An exact transcription is needed of the lines below from the one with "Destiny's Rift (Broken Well, #2)" through the one with "Mega Backdoor Roth", with no other lines and no pictures.

§ Data in this exercise:
---+---

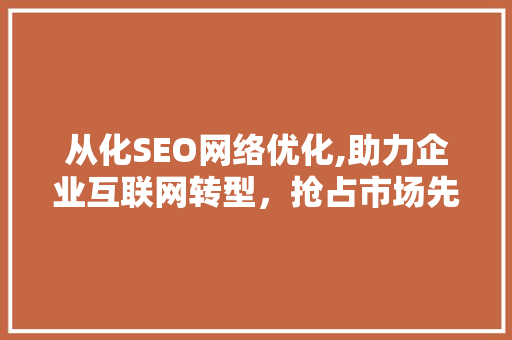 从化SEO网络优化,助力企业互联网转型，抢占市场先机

---+---

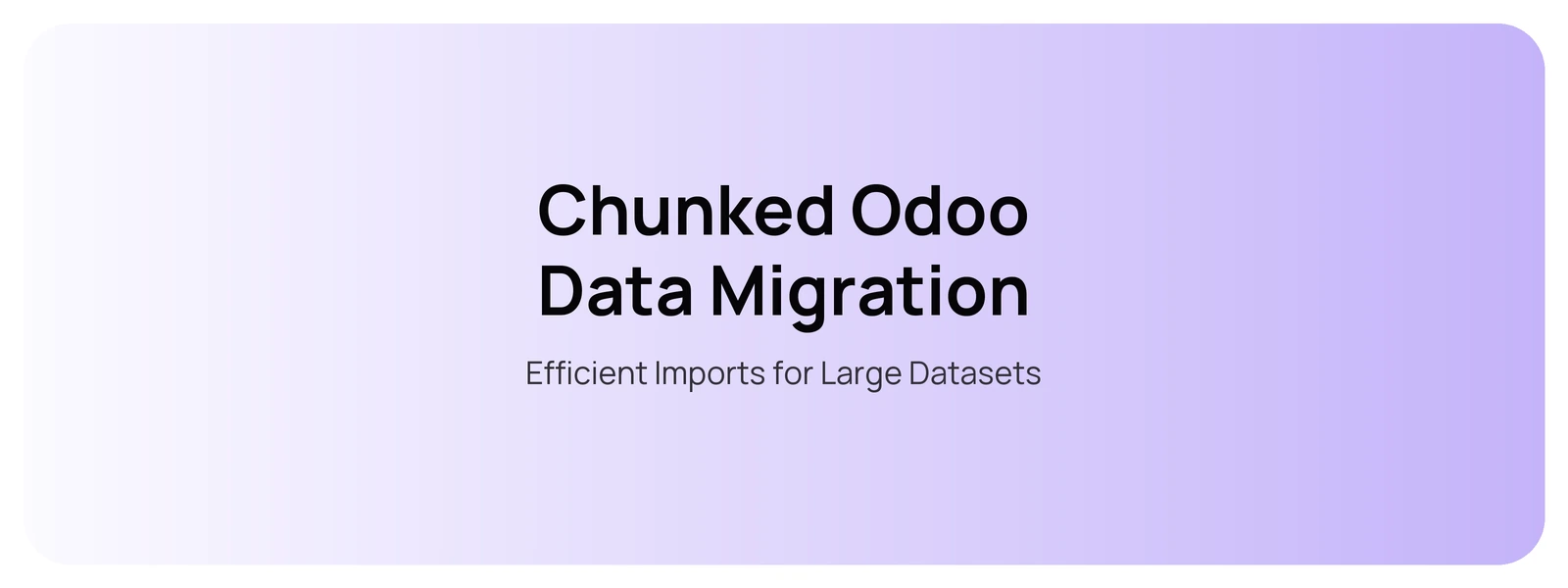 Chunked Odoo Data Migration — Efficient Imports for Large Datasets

---+---

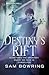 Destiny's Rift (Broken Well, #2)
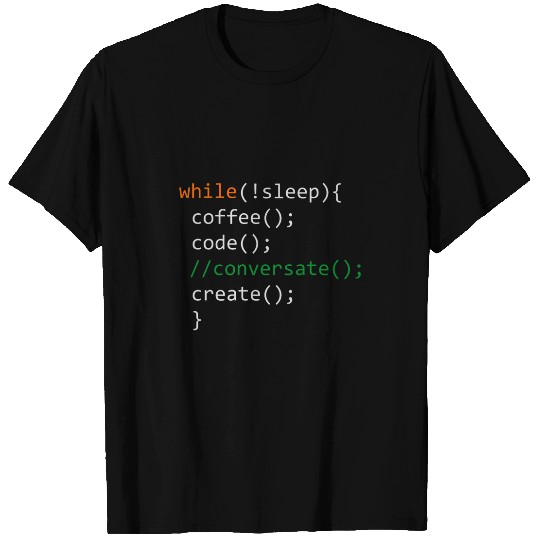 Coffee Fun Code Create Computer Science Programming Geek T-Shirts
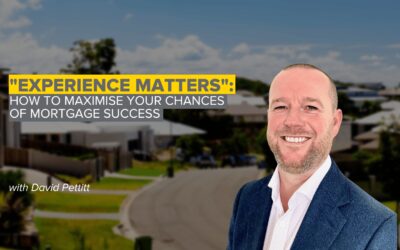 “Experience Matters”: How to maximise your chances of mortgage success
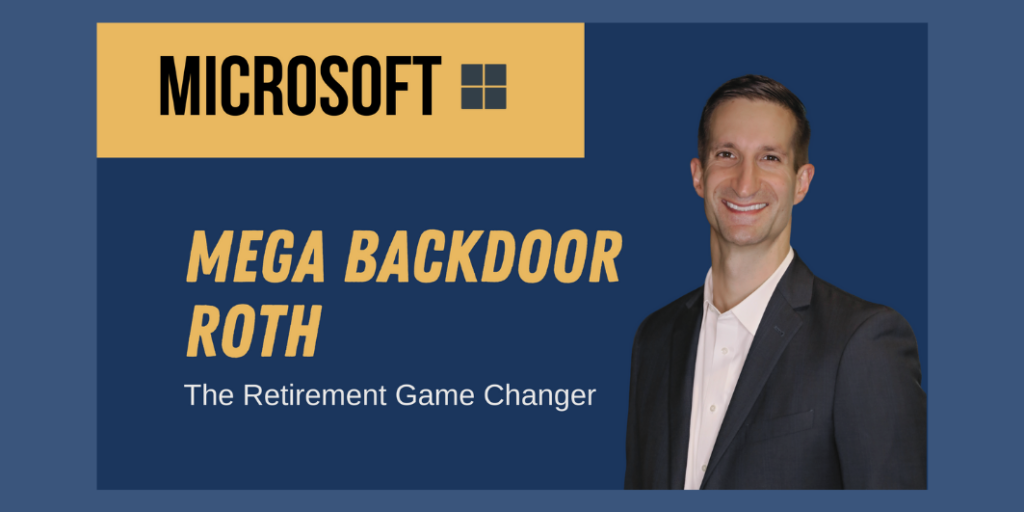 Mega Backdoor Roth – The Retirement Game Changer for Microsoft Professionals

---+---

§ Task response:
 Destiny's Rift (Broken Well, #2)
 Coffee Fun Code Create Computer Science Programming Geek T-Shirts
 “Experience Matters”: How to maximise your chances of mortgage success
 Mega Backdoor Roth – The Retirement Game Changer for Microsoft Professionals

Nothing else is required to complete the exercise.